There are other answers here explaining how they don’t always survive, but none giving you the actual reason why boats CAN handle this treatment and survive.

The answer to this is weight displacement and distribution and is basically the same reason the boat floats in the first place. Namely the boat displaces as much water equal to its weight. When the boat is getting tossed around, it is still displacing as much as it weighs, so it’s not going to sink. Add to this that boat designers design the boat so its balanced to always return to an upright position. When a boat gets tossed upwards and strikes the sea on the way back down, the impact force is evenly spread across the area that impacts the water, and as its displacing its own weight, its no big deal. Imagine throwing a rubber duck into your bath and see how it “bounces” off the water. Basically the same effect.

Likewise, when huge waves wash over the boat and spill all over the decks, the water isn’t actually doing anything other than washing over it and off. The boat is sealed and unless the water gets inside and starts to lower the boats attitude in the water, its not gonna do much. Imagine trying to sink a rubber duck bath toy by pouring water over it. You will never do it. Cut a hole in the top and pour the water inside the duck though and eventually it will sink. And while thousands and thousands of gallons of sea water might weigh a huge amount to me and you, comparitively to the ship, it’s nothing.

So basically, enclosed boat is full of air and displaces the water it sits on.
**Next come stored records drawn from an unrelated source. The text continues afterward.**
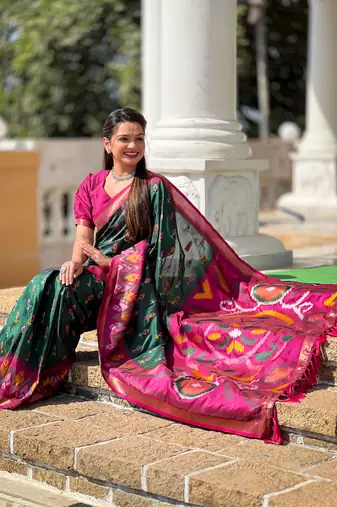 Green art silk ikkat and patola weaving concept saree & contrast blouse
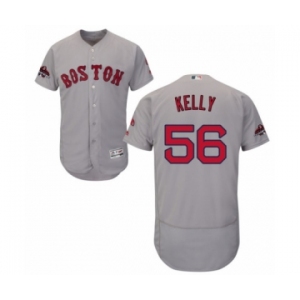 Men's Majestic Boston Red Sox #56 Joe Kelly Grey Road Flex Base Authentic Collection 2018 World Series Champions MLB Jersey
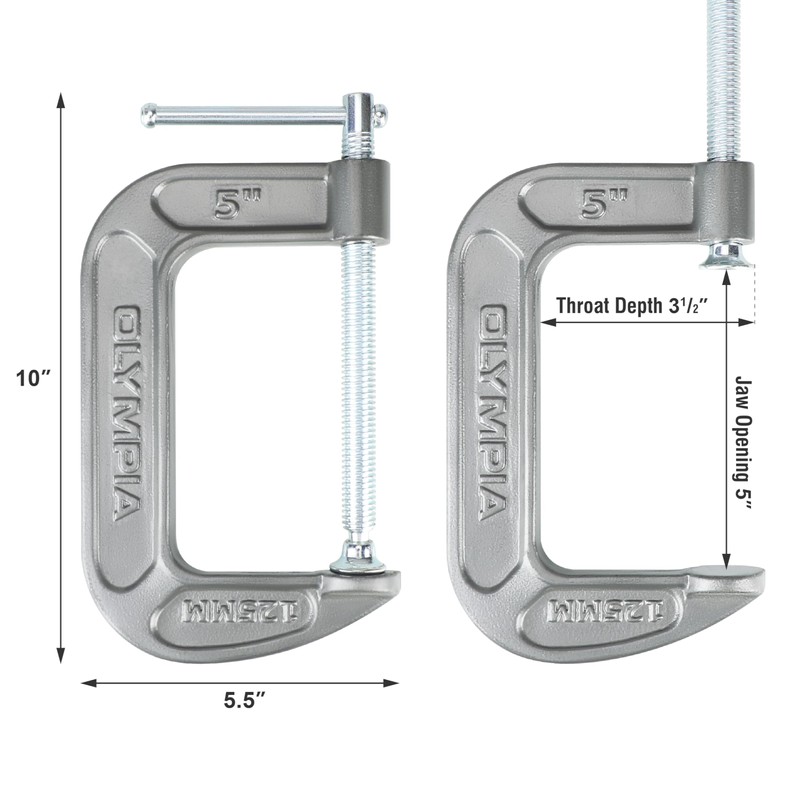 Olympia Tools C-Clamp, 38-145, (5" X 3.25")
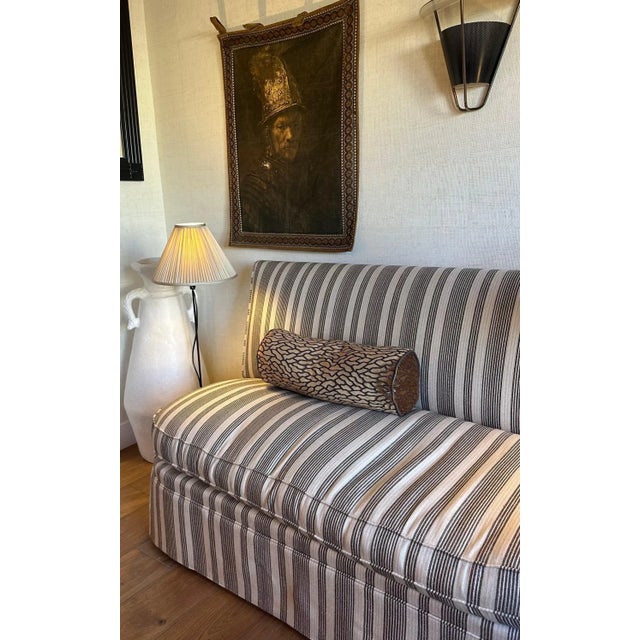 2020s Custom Pair of Bolster Pillows With Lush Patterned Velvet and Leather Trim For Sale - Image 5 of 11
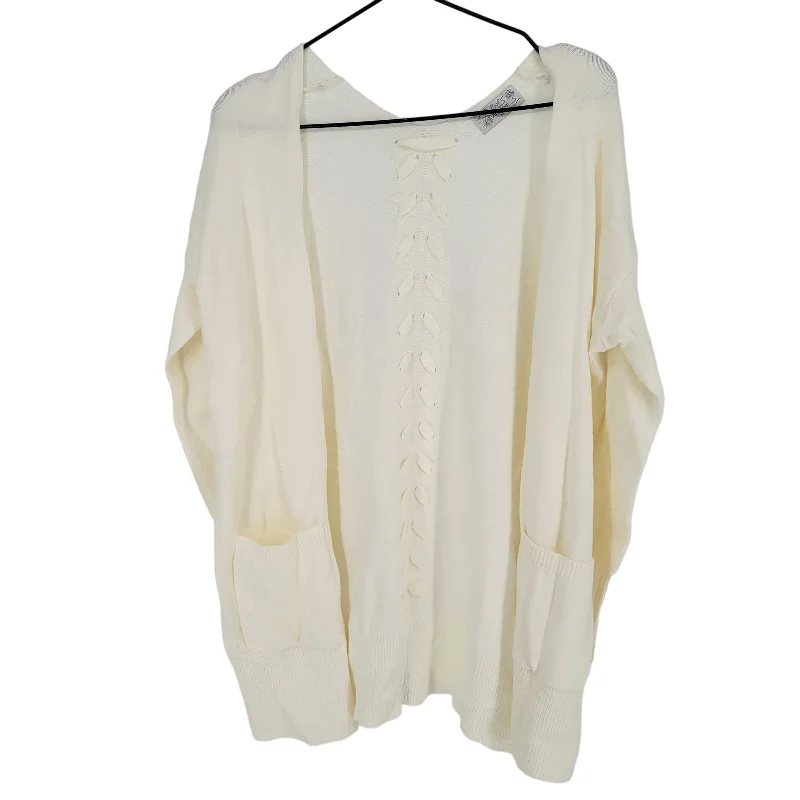 Exclusive Savings Poof Womens Sz M Slouchy Open Front Cardigan Sweater Cream Braided Back Exclusive Savings Poof Womens Sz M Slouchy Open Front Cardigan Sweater Cream Braided Back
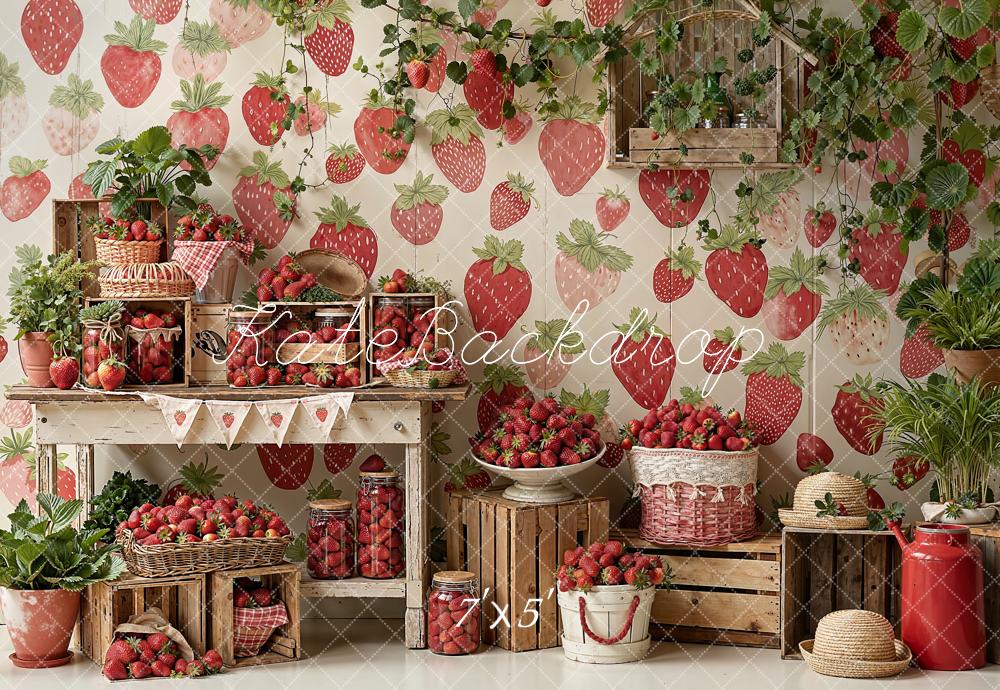 Kate Summer Strawberry Fruit Crates and Greenery Backdrop Designed by Emetselch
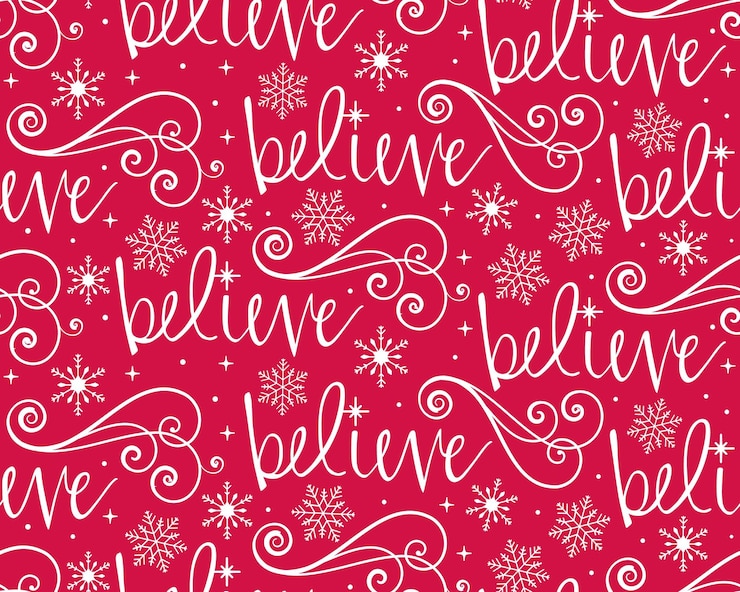 वेक्टर seamless pattern of christmas believe wordings with swirl and snowflakes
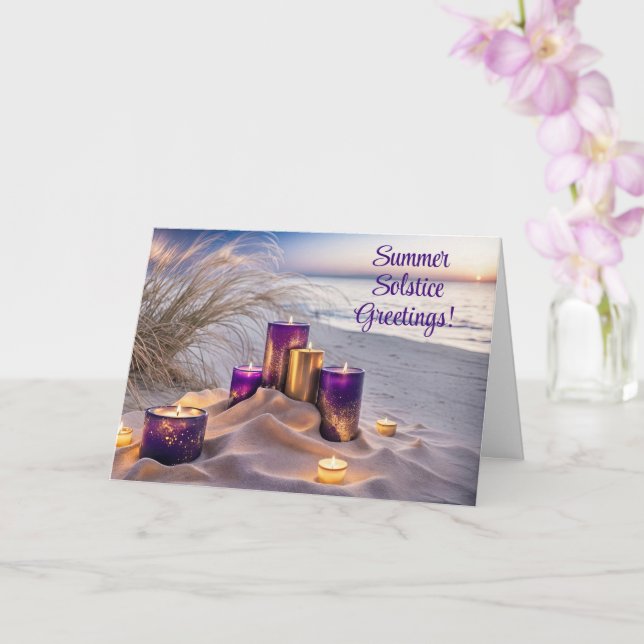 Summer Solstice Greetings Beach Ocean Candles Card (Orchid)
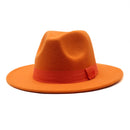2021 New Hot Wide Brim Felt Fedora Hats With Bee Ribbon Autumn Winter Wedding Party Trilby Hat Men Gentleman Jazz Hats 56-58CM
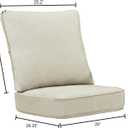 28 x 26 Outdoor Patio Deep Seating Cushion Set in Light Grey with Ties, 28.15 x 25.98 x 5.9 inches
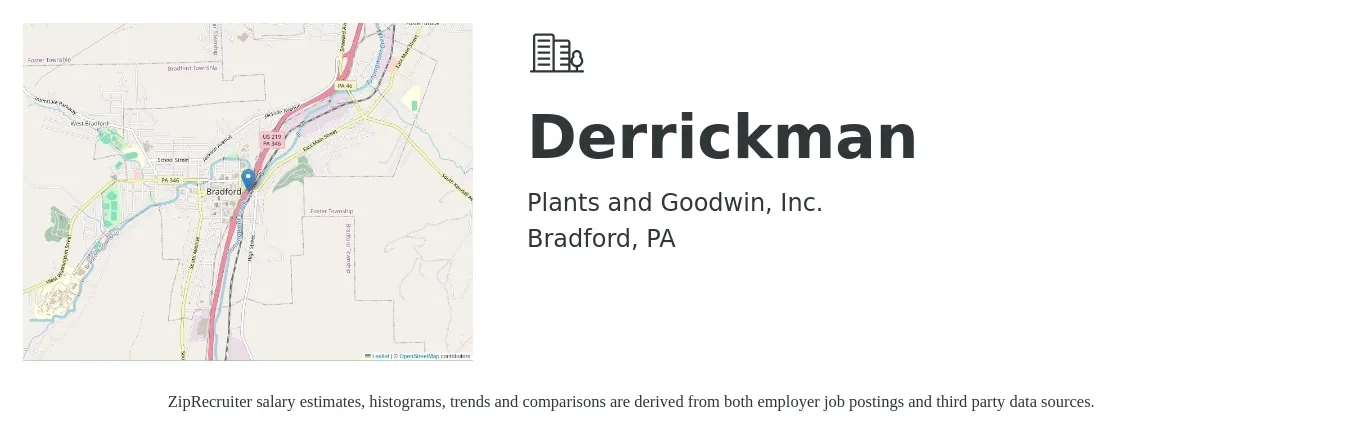 Plants and Goodwin, Inc. job posting for a Derrickman in Bradford, PA with a salary of $14 to $32 Hourly with a map of Bradford location.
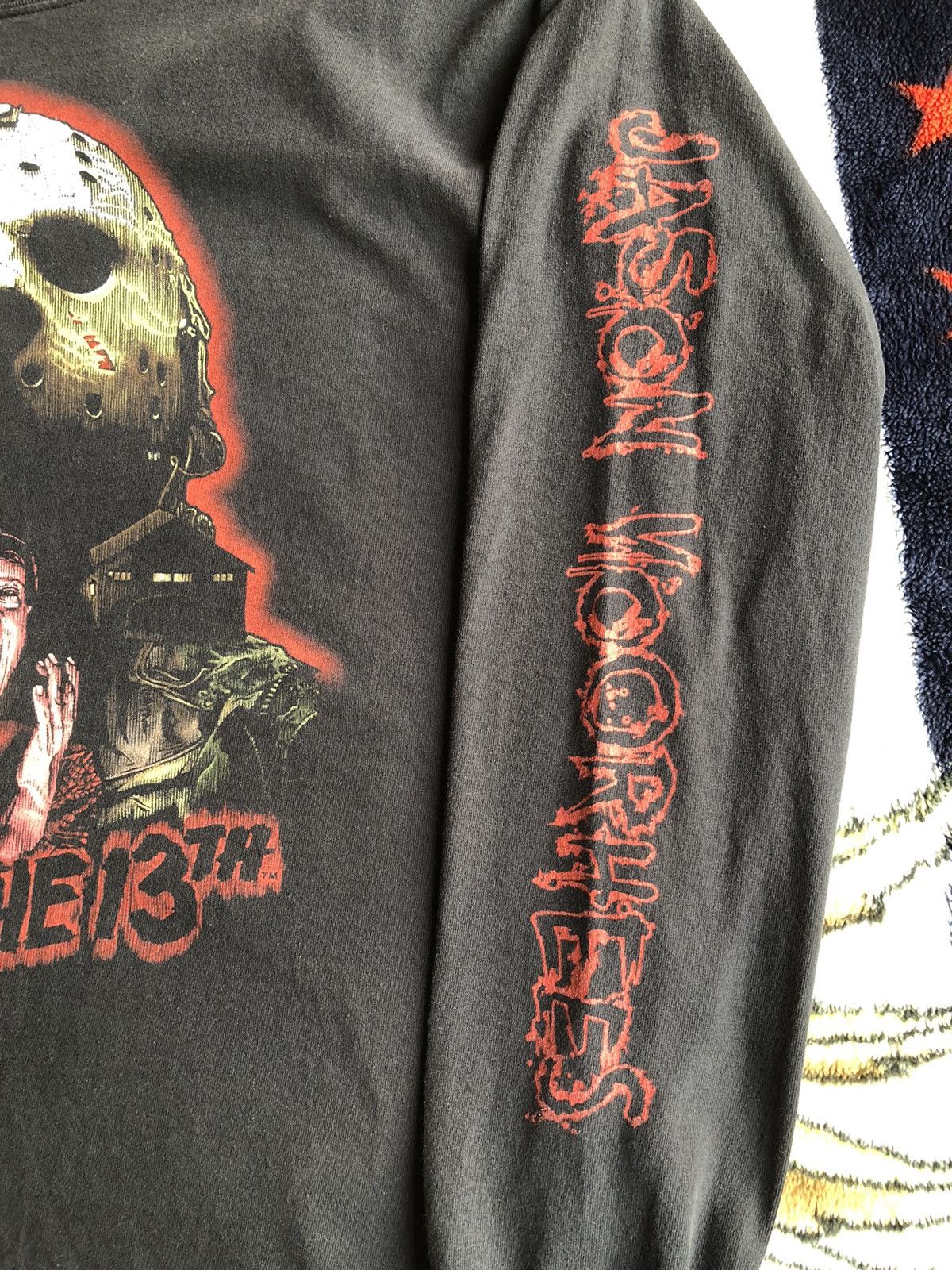 Expert Horror Vintage Friday The 13th Movie Jason Voorhess Long Sleeve Tee Size US XL / EU 56 / 4 - 6 Thumbnail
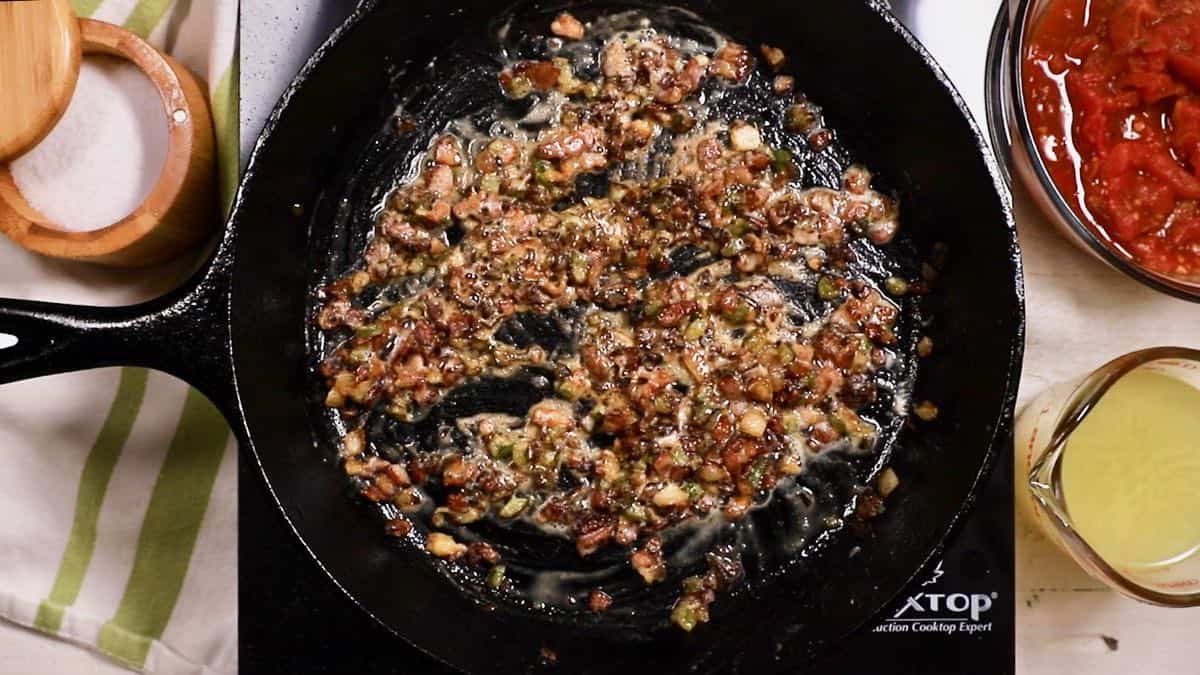 Cooking vegetables in a skillet.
Without being able to overcome that, waves can’t sink the boat. Waves don’t break the boat apart because the energy of the water is quite spead out across the ship.

Having said that, as others pointed out sometimes boats do go down due to severe waves and stormy seas. However this tends to be because the boat is either capsized (Rolled over and unable to right itself), or other mechanical defects that allows water to breach the boat and get inside it, thus making it heavier and heavier till it takes on too much water. In fact in most modern ships, this is 99% the cause of ships going down in rough weather, and it’s now rare when mechanical reasons aren’t counted. A mechanically intact and correctly run ship can take on some truly horrendous seas just fine.

[Here’s a famous example](https://www.youtube.com/watch?v=DMNhO8dKJjQ) of a ship being broken up by heavy (Actually not considered all that bad by most maritimers) seas. The cause? Poor maintenance and an even poorer inspection programme for the ship.